### Required action
Your copy must hold all of the data below, unchanged and without images.

### Data
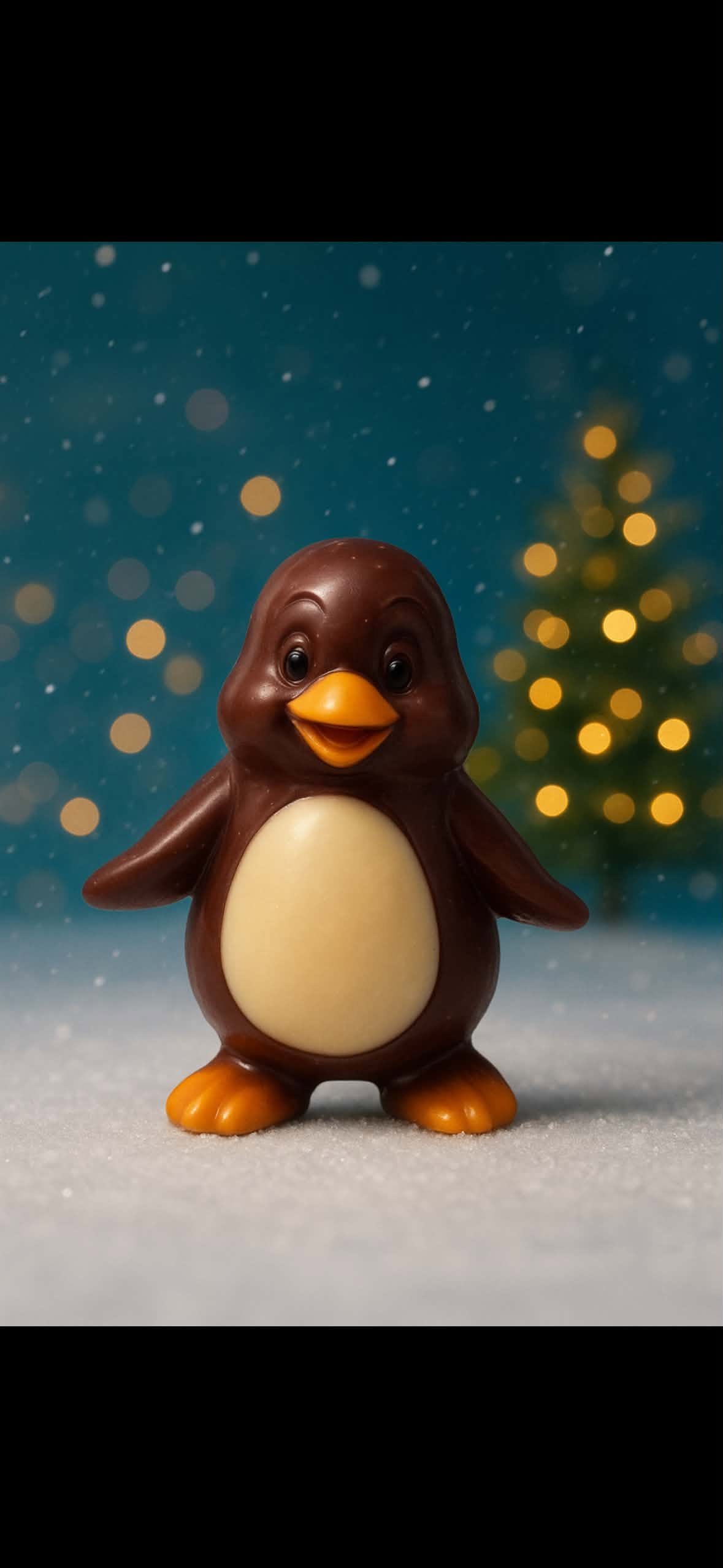 Chocoladepinguïn in een winters decor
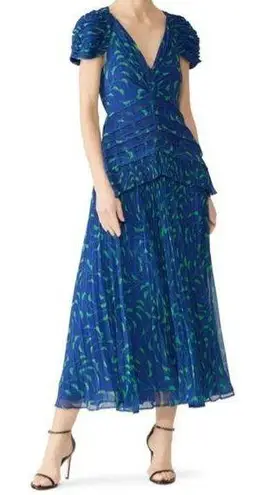 Crescent Self-Portrait Blue Printed Dress Size 4 US $470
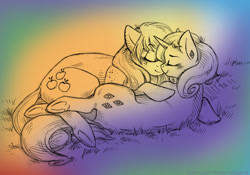 Size: 1200x840 | Tagged: safe, artist:kaemantis, applejack, rarity, earth pony, pony, unicorn, cuddling, ear piercing, earring, eyes closed, female, jewelry, lesbian, mare, missing accessory, piercing, rarijack, shipping, smiling, snuggling, underhoof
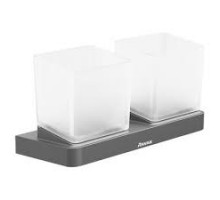 Держатель с двумя стаканами (стекло) TD 220.20 черный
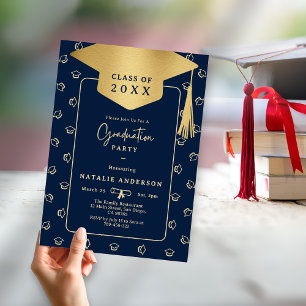 Invitation Royal Navy Blue Gold Casquette Graduate Party
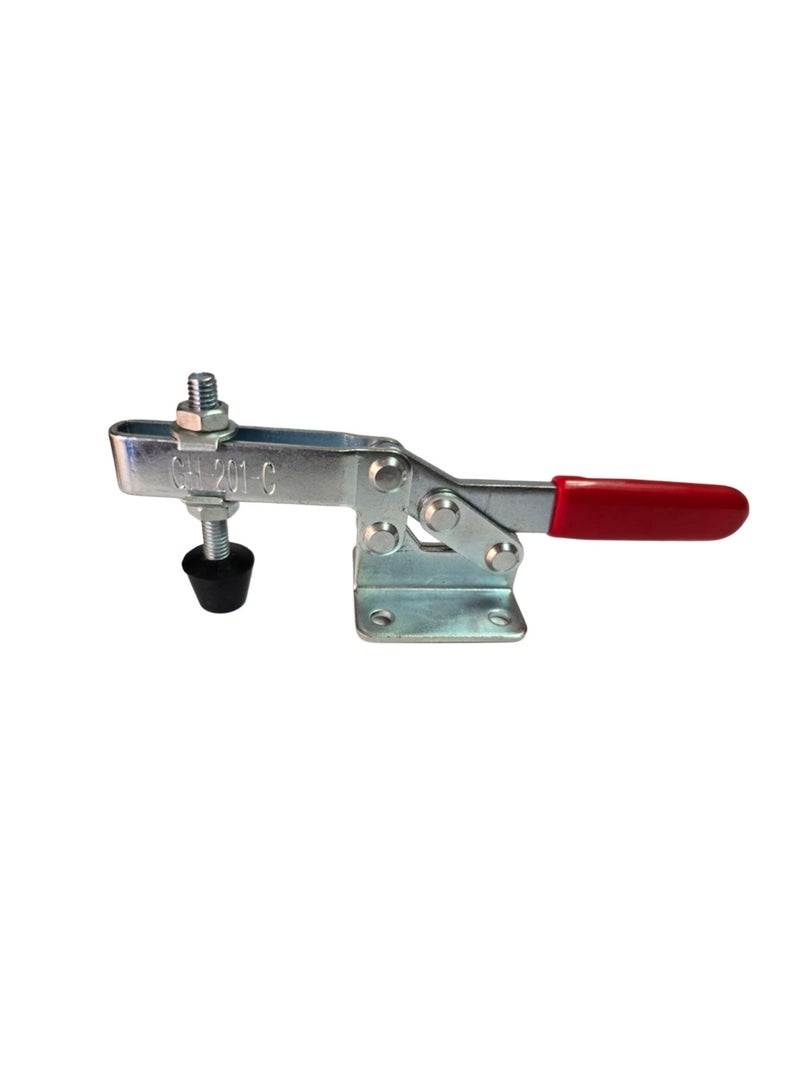 GH-201-C Horizontal Toggle Clamp, 100kg Holding Capacity, 80° Bar Opening, with Spindle and Flanged Washers - Image 1
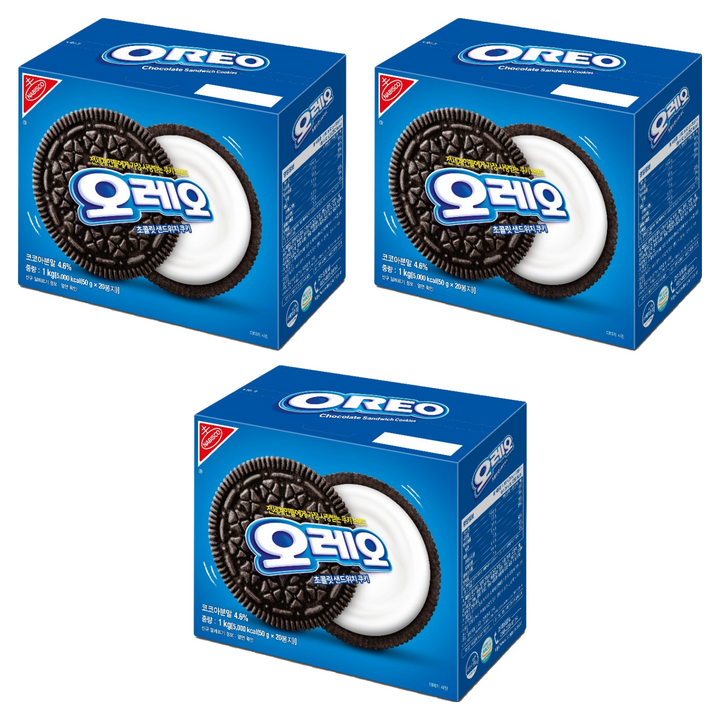 오레오 초콜릿 샌드위치 쿠키 화이트 크림, 1kg, 3개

### Exercise result
 Chocoladepinguïn in een winters decor
 Crescent Self-Portrait Blue Printed Dress Size 4 US $470
 Size: 1200x840 | Tagged: safe, artist:kaemantis, applejack, rarity, earth pony, pony, unicorn, cuddling, ear piercing, earring, eyes closed, female, jewelry, lesbian, mare, missing accessory, piercing, rarijack, shipping, smiling, snuggling, underhoof
 Держатель с двумя стаканами (стекло) TD 220.20 черный
 Invitation Royal Navy Blue Gold Casquette Graduate Party
 GH-201-C Horizontal Toggle Clamp, 100kg Holding Capacity, 80° Bar Opening, with Spindle and Flanged Washers - Image 1
 오레오 초콜릿 샌드위치 쿠키 화이트 크림, 1kg, 3개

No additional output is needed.